APICv is disabled by set enable_apicv to 0. Create VM snapshot, then
start/restore
new VM base the snapshot. We occasionally encountered issues with VMs hanging
for long periods of time after restore. Investigation show that there
is a timer IRQ
pending in IRR, but the newly restored VM could not detect it, because
irr_pending
is not set when restoring the APIC state by kvm_apic_set_state().

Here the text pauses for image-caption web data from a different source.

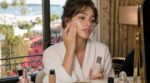 Ce soin teinté L&rsquo;Oréal de pharmacie à moins de 20 € est le secret du glow d&rsquo;Alicia Moffet à Cannes (et tout le monde peut l&rsquo;avoir)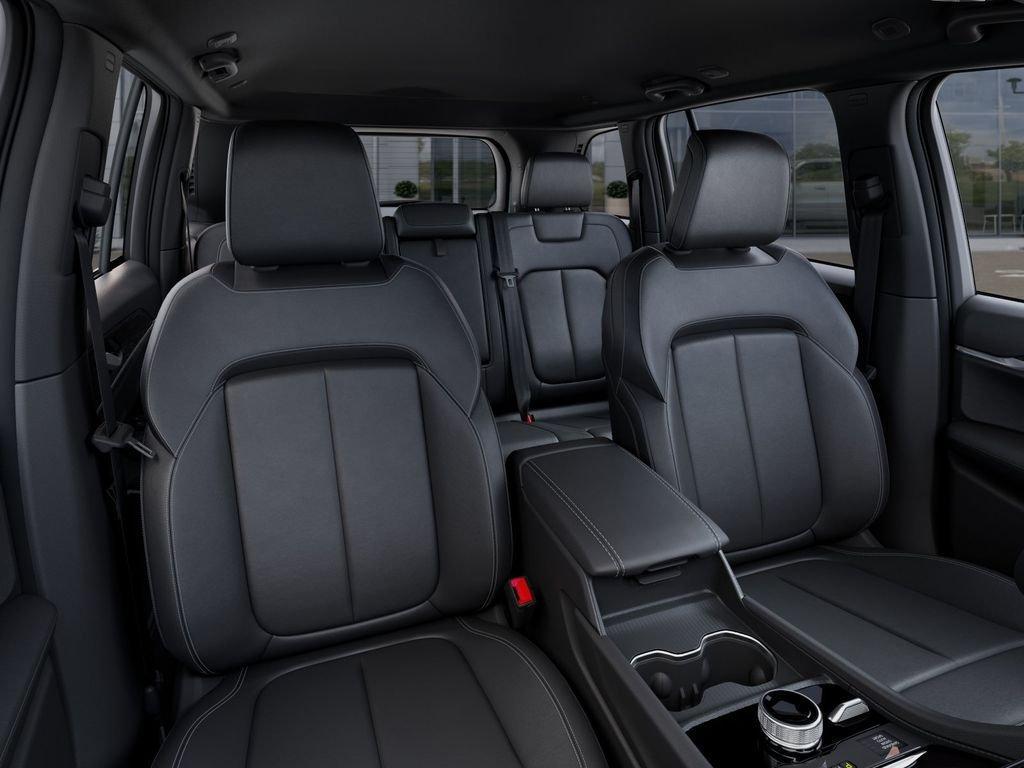 new 2026 Jeep Grand Cherokee car, priced at $41,062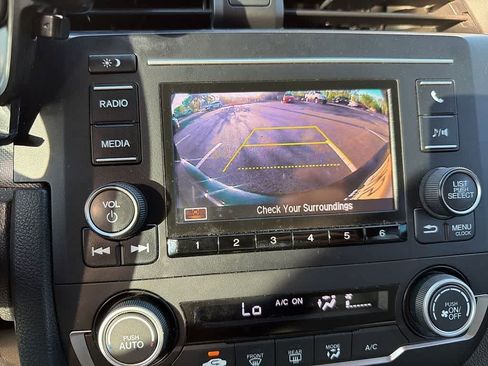 Used 2018 Honda Civic LX image 19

Further investigation show when creating VM snapshot, VMM pause VCPUs by signal,
an in-flight timer pending in IRR, and the tscdeadline is 0 in saved
APIC state. All these
contexts in saved APIC state prove that kvm_inject_pending_timer_irqs
had just injected
a timer (will also set the tscdeadline to 0) before the VCPU handle the signal.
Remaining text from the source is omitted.